Short web captions
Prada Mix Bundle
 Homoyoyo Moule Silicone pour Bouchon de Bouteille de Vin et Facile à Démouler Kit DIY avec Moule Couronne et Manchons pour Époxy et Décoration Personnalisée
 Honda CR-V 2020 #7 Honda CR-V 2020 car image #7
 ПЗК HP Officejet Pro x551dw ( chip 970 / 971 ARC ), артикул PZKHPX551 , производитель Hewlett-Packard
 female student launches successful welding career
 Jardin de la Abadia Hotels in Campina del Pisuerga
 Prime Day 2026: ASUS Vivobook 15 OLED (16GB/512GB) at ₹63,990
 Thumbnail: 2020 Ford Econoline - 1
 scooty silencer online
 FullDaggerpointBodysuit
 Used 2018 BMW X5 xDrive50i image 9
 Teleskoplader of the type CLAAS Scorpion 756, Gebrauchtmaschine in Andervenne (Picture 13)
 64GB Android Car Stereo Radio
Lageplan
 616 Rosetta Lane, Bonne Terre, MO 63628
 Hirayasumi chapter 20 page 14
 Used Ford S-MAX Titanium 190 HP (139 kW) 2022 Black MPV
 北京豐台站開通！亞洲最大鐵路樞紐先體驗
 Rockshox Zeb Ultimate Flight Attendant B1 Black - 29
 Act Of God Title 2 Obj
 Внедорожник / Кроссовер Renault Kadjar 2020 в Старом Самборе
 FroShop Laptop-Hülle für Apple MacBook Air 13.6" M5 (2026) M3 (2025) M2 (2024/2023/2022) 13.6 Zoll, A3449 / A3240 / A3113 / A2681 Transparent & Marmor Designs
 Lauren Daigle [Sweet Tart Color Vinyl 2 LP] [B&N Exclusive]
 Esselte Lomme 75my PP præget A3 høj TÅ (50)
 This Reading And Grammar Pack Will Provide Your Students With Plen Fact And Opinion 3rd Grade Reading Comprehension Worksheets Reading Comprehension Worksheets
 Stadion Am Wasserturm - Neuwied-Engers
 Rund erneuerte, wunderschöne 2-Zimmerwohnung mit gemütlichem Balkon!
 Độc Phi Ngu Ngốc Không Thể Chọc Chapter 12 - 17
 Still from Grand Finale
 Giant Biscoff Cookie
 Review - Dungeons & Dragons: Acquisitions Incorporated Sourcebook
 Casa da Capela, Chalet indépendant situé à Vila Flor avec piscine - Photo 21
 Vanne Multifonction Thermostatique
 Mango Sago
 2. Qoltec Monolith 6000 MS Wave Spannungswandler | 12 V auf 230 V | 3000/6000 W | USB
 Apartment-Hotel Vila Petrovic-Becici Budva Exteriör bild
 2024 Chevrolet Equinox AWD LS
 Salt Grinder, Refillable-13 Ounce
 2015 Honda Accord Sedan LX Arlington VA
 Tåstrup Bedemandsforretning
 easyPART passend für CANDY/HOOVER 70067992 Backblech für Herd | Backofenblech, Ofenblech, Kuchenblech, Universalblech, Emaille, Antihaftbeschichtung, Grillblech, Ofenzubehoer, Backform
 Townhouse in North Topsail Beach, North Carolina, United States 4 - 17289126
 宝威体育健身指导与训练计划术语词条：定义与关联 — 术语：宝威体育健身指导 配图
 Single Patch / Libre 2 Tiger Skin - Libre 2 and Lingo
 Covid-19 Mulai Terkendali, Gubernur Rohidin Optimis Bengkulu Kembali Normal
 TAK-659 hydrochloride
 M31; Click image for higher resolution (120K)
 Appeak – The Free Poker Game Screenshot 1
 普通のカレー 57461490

§ **Assignment**
Only the lines from the one holding "Still from Grand Finale" through the end of the records should appear in the answer, each repeated exactly.

§ **The completed task**
 Still from Grand Finale
 Giant Biscoff Cookie
 Review - Dungeons & Dragons: Acquisitions Incorporated Sourcebook
 Casa da Capela, Chalet indépendant situé à Vila Flor avec piscine - Photo 21
 Vanne Multifonction Thermostatique
 Mango Sago
 2. Qoltec Monolith 6000 MS Wave Spannungswandler | 12 V auf 230 V | 3000/6000 W | USB
 Apartment-Hotel Vila Petrovic-Becici Budva Exteriör bild
 2024 Chevrolet Equinox AWD LS
 Salt Grinder, Refillable-13 Ounce
 2015 Honda Accord Sedan LX Arlington VA
 Tåstrup Bedemandsforretning
 easyPART passend für CANDY/HOOVER 70067992 Backblech für Herd | Backofenblech, Ofenblech, Kuchenblech, Universalblech, Emaille, Antihaftbeschichtung, Grillblech, Ofenzubehoer, Backform
 Townhouse in North Topsail Beach, North Carolina, United States 4 - 17289126
 宝威体育健身指导与训练计划术语词条：定义与关联 — 术语：宝威体育健身指导 配图
 Single Patch / Libre 2 Tiger Skin - Libre 2 and Lingo
 Covid-19 Mulai Terkendali, Gubernur Rohidin Optimis Bengkulu Kembali Normal
 TAK-659 hydrochloride
 M31; Click image for higher resolution (120K)
 Appeak – The Free Poker Game Screenshot 1
 普通のカレー 57461490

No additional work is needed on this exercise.